Chris Holley, an abstract/figurative painter with a background in dance and choreography, draws inspiration primarily from memory and imagination. Her vibrant and expressive paintings showcase exceptional drawing skills and a keen sense of line, blurring the boundaries between different art forms. Having extensively studied the profound influence and contributions of Diaghilev’s Ballets Russes on various artistic disciplines, her writings on the subject are now preserved in esteemed institutions such as the National Library of Art in London’s Victoria and Albert Museum. Holley regularly exhibits in the UK, with her art also being held in collections in the USA and Spain.
In her artistic practice, Holley employs acrylic and oil paints, along with household emulsion. She adds depth by scratching and carving into the luscious paint surface. When possible, she prefers working on a large scale and utilizes sponges, cloths, sticks, and her hands, alongside other studio tools, to create unexpected marks. Rejecting the confines of a predetermined canvas size, she primes her own canvas, paints it unstretched, and later crops the image to the precise dimensions desired. During the painting process, she moves the canvas from the floor, where paint is poured, sprayed, puddled, and merged, to the easel for vertical painting.
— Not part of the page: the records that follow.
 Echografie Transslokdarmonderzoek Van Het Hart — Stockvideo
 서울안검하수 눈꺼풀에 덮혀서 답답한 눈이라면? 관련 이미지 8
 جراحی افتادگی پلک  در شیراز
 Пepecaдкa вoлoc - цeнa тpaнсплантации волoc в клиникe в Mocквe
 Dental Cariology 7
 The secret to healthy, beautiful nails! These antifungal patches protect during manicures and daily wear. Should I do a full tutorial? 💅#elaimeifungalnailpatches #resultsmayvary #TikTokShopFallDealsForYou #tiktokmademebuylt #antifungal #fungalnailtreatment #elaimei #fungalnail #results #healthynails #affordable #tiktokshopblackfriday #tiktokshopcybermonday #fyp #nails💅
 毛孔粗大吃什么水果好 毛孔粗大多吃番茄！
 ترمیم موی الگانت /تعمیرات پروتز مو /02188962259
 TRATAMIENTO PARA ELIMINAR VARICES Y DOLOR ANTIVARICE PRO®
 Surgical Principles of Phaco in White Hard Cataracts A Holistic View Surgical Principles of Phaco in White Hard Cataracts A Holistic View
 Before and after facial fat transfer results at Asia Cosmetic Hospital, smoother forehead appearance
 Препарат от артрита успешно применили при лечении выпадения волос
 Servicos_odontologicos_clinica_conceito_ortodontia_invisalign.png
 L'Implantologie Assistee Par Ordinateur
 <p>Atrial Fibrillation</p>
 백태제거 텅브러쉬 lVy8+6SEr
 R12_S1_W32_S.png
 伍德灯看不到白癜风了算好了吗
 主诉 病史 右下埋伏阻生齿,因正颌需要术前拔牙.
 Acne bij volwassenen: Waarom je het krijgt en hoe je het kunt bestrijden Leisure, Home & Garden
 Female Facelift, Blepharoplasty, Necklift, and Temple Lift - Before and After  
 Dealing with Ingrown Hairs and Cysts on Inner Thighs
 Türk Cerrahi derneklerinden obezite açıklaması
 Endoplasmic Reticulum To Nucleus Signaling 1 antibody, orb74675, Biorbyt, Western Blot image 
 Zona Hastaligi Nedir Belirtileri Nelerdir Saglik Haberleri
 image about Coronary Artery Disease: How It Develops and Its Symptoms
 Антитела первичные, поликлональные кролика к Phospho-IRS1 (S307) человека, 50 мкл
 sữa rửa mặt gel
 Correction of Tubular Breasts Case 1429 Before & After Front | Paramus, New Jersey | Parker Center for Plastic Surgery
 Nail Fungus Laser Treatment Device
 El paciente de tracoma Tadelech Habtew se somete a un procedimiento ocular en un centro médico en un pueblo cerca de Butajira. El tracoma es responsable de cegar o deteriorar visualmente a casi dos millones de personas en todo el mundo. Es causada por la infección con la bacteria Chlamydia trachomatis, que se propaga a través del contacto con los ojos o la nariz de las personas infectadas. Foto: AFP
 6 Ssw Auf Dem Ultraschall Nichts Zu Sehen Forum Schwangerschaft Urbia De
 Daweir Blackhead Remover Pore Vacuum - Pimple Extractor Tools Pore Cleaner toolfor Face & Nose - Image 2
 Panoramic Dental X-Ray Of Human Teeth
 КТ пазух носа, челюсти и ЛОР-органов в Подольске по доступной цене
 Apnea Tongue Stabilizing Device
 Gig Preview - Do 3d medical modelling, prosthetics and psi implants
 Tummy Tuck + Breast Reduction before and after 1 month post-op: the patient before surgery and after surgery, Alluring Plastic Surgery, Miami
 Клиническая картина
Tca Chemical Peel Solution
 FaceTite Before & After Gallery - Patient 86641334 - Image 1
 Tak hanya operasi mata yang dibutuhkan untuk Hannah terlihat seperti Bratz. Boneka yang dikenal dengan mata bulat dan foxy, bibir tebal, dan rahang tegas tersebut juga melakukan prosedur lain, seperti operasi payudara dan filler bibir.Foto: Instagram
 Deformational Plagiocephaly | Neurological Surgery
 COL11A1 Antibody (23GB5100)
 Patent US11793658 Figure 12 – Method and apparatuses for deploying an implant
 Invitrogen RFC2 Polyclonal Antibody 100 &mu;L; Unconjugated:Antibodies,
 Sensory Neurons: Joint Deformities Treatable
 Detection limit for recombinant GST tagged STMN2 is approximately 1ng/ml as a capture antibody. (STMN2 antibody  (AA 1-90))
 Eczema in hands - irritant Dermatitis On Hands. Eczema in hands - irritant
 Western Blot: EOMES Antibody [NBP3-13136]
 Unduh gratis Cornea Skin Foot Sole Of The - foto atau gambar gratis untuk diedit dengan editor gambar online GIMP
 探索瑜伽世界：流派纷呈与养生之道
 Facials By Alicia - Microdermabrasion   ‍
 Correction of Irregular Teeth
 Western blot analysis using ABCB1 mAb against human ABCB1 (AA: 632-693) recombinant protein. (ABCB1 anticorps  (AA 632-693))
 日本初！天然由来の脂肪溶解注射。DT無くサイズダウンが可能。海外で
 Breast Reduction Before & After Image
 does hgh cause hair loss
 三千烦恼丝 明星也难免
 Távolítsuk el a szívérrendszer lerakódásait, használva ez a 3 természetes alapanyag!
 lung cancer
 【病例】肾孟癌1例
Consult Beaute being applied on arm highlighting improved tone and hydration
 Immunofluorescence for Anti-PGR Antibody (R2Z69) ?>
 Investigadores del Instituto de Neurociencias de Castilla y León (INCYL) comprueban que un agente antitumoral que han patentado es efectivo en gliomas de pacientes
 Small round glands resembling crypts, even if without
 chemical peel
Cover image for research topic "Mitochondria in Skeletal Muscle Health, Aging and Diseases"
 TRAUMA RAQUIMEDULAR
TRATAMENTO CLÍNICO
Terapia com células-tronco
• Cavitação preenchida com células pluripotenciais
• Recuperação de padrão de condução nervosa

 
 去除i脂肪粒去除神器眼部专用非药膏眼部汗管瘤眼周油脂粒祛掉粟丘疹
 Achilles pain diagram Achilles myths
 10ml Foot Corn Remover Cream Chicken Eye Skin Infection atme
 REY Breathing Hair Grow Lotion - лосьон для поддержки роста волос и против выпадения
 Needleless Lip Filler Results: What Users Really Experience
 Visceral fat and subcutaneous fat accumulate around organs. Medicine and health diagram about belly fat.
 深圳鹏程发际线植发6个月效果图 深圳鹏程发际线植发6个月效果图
This dynamic and physical approach allows for a diverse range of captivating marks.
Recognizing the emergence of new forms of social exchange and dialogue between the arts after their prolonged silence during lockdown, Holley believes that we are currently witnessing a blossoming of artistic expression that acknowledges and connects with one another. She is actively involved in the ambitious project “Feeling the Beat” at South Hill Park Arts Centre in Bracknell, playing a leading role in fostering this creative synergy. This immersive participation also propels her forward in evolving the visual language of her abstract art.